Den Klägern bleibt nachgelassen die Vollstreckung durch die Beklagte durch Sicherheitsleistung in Höhe von 110% des jeweils zu vollstreckenden Betrages abzuwenden, sofern nicht zuvor die Beklagte in gleicher Höhe Sicherheit geleistet hat.
1
Tatbestand:
2Die Parteien streiten um Rückerstattungsansprüche aus einem Darlehensvertrag.
3Mit Datum vom 15.02.2006 schlossen die Parteien einen Darlehensvertrag als Verbraucherdarlehen über 106.000 EUR mit der Vertragsnummer #####/#### ab. Das Darlehen diente dem Erwerb eines Hausobjektes in Krefeld.

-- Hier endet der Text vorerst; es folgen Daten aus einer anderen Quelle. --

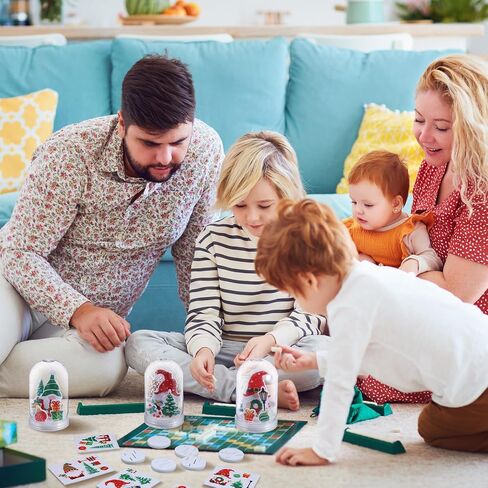 12 مجموعة أدوات حرفة دينية سقوط الثلج ، اجعل سقوطك الخاص لـ Jesus Snow Globes DIY البلاستيك اللمعان Globe Kit for Sunday School Church Classroom Autumn Harvest Supplies in Kuwait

Vorgesehen war eine zehnjährige Laufzeit des Vertrages. Im Herbst 2014 wurde der Darlehensvertrag beendet, weil die Kläger zu diesem Zeitpunkt das Objekt veräußert.
4Eine diesbezügliche Anfrage der Kläger beantwortete die Beklagte mit Schreiben vom 14.10.2014 Bl. 12 der Akten dahingehend, dass eine vorzeitige Vertragsbeendigung abhängig sei von einer sogenannten Vorfälligkeitsentschädigung, die die Beklagte mit 4.569,82 EUR bezifferte. Diesem Schreiben beigefügt war eine Aufhebungsvereinbarung, aus der sich der zuvor genannte Betrag ergab. Mit Begleitschreiben vom 21.10.2014 Bl. 16 der Akten überreichten die Kläger die von ihnen persönlich unterschriebene Aufhebungsvereinbarung an die Beklagte und ließen sich den Erhalt durch die Beklagte bestätigen.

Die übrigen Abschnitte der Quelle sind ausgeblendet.